4 Engineering requirements

(1) A rope rail must be installed and used in accordance with written instructions from a professional engineer.

(2) The written instructions required by subsection (1) must include the following:

(a) the seal and signature of the professional engineer providing the written instructions;

(b) the address of and location in the workplace where the guardrail system is to be used;

(c) the name of each employer, prime contractor or owner for whom the written instructions were prepared;

(d) a description of the guardrail system or an illustration for its configuration;

(e) details for the connection of the rope rail to supports and anchors;

(f) details on the size and grade of rope and all required rigging hardware to be used;

(g) details for corner posts and points where rope terminations occur;

(h) the maximum span permitted between supports;

(i) the tension required in the rope and the means to achieve it;

(j) the means for testing rope tension during inspections of the system.

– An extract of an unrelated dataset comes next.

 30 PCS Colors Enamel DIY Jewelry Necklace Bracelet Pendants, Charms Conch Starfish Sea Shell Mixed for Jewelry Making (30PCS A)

(3) The written instructions for a guardrail system intended for use at a number of workplaces of similar design and construction must include the following:

(a) the seal and signature of the professional engineer providing the written instructions;

(b) a description of the type of structure where the guardrail system may be used;

(c) the name of each employer, prime contractor or owner for whom the written instructions were prepared;

(d) a description of the guardrail system or an illustration for its configuration;

(e) details for the connection of the rope rail to supports and anchors;

(f) details on the size and grade of rope and all required rigging hardware to be used;

(g) details for corner posts and points where rope terminations occur;

(h) the maximum span permitted between supports;

(i) the tension required in the rope and the means to achieve it;

(j) the means for testing rope tension during inspections of the system.

(4) The written instructions must be available at the workplace when the guardrail system is being installed and while the rope rail is in place.

5 Installation and use requirements

(1) A worker involved in the installation, maintenance or removal of a guardrail system described in section 1 [scope] must use a fall protection system if required by Part 11 [Fall Protection] of this regulation.

(2) A rope rail meeting this standard is intended for use only as a guardrail and must not be used as a horizontal lifeline unless a professional engineer specifically authorizes such use and provides written instructions for such use.

(3) If the lack of visibility of a rope rail is a hazard, high visibility coloured markers or flagging must be installed on the top rail of the guardrail system at intervals not exceeding 2 m (6.5 ft.)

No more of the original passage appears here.